Although the California courts have steadily eroded employers’ ability to contractually limit their former employees’ solicitation of their customers, a stipulated injunction limiting solicitation can still be enforced. In Wanke, Industrial, Commercial, Residential, Inc. v. Superior Court, 2012 WL 4711888, the California Court of Appeal, 4th Appellate District, reversed a trial court order that found a stipulated injunction prohibiting solicitation of a specific customer identified on a customer list could not enforced based on the trial court’s conclusion that the identity of that customer was not a trade secret.

In the underlying action, Wanke, Industrial, Commercial, Residential, Inc. (“Wanke”) sued two former employees and their new company for, in part, misappropriation of trade secrets, after the employees started a competing business. The parties resolved the action by entering into a settlement agreement and mutual release, as well as a stipulated injunction that, in part, prohibited the former employees from “contacting or soliciting” any customer identified in a customer list which was attached to the stipulated injunction. The stipulated injunction also had a $50,000 liquidated damages provision for the initial violation and $10,000 for each subsequent violation.

Thereafter, Wanke filed (1) an application for an order to show cause why the former employees should not be held in contempt for having, in part, contacted a customer identified on the customer list, Con Am Management (“Con Am”), and (2) a motion to enforce the settlement agreement. The trial court refused to hold the defendants in contempt because it concluded that Wanke had failed to establish the “existence of a lawful order.” The trial court concluded that the stipulated injunction was invalid under California Business & Professions Code Section 16600 (which provides, with limited exceptions, that every contract by which anyone is restrained from engaging in a lawful profession, trade or business of any kind is to that extent void), because the identity of the customer, Con Am, was not a trade secret because it could be easily identified as a potential customer. The trial court stated that the stipulated injunction was enforceable only with respect to jobs undertaken or proposed to be undertaken for Con Am while the individual defendants were employed by Wanke.

Wanke filed a subsequent motion to enforce the settlement agreement with respect to different customers. The court granted that motion because it related to jobs that were undertaken while the individual defendants were employed by Wanke. The defendants appealed and Wanke filed a cross-appeal. Wanke also filed a petition for writ of mandate challenging the trial court’s order insofar as the court refused to hold the individual defendants in contempt for violating the stipulated injunction.

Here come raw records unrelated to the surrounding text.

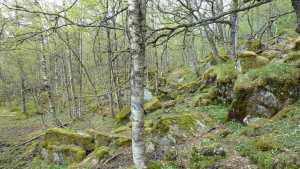 skog.jpg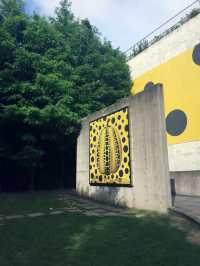 제주 여행 남들보다 더 잘 즐기는 법🩷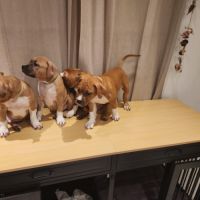 Magnifique chiots american staffordshire terrier #5
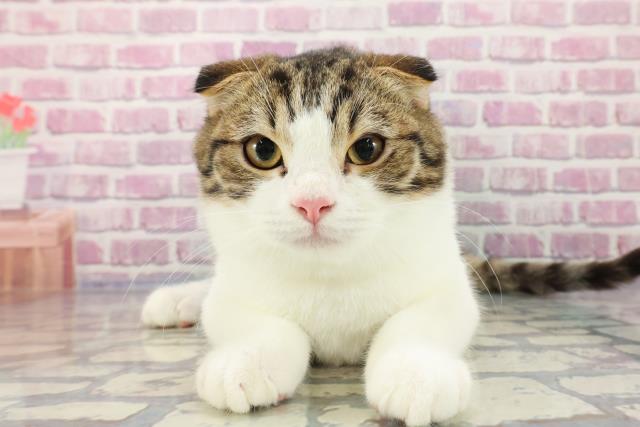 栃木県のハーフ猫 (Coo&RIKUイオンタウン佐野店/2023年6月26日生まれ/男の子/ブラウンタビーホワイト)の子猫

The Court of Appeal denied the writ petition, finding that the underlying contempt proceeding was a criminal proceeding, and therefore, the double-jeopardy clause contained in the Fifth Amendment of the U.S. Constitution precluded the appellate court from reviewing the trial court’s “acquittal” of the individual defendants on the contempt charges.

The Court of Appeal, however, reversed the trial court’s finding that the stipulated injunction was not enforceable as to Con Am. The Court held that a party may not defend against the enforcement of a court order by contending merely that the order is legally erroneous. The Court stated a party may successfully defend against the enforcement of an injunction on the ground that the injunction is invalid only in the narrow circumstance in which the party can demonstrate that the injunction was beyond the trial court’s jurisdiction to issue in the first instance.

Since the trial court had jurisdiction over the parties and it could not be concluded from the face of the stipulated injunction that it did not protect Wanke’s trade secrets, the stipulated injunction was facially valid. The Court of Appeal further stated that even assuming the former employees could demonstrate the trial court erred in issuing the stipulated injunction because the customer list attached thereto was not a protected trade secret, such a showing would be insufficient to avoid enforcement of the injunction. The court also noted that the trial court’s decision was contrary to fundamental fairness and common sense, and that the former employees could not stipulate to an injunction that identifies certain customers whom they will not solicit in order to resolve a misappropriation claim, and then proceed to violate the injunction by claiming the same customer list is not a trade secret.

As such, at least for now, stipulated injunctions in trade secret actions will be enforced in California as long as the court properly has jurisdiction and the injunction, on its face, is not invalid.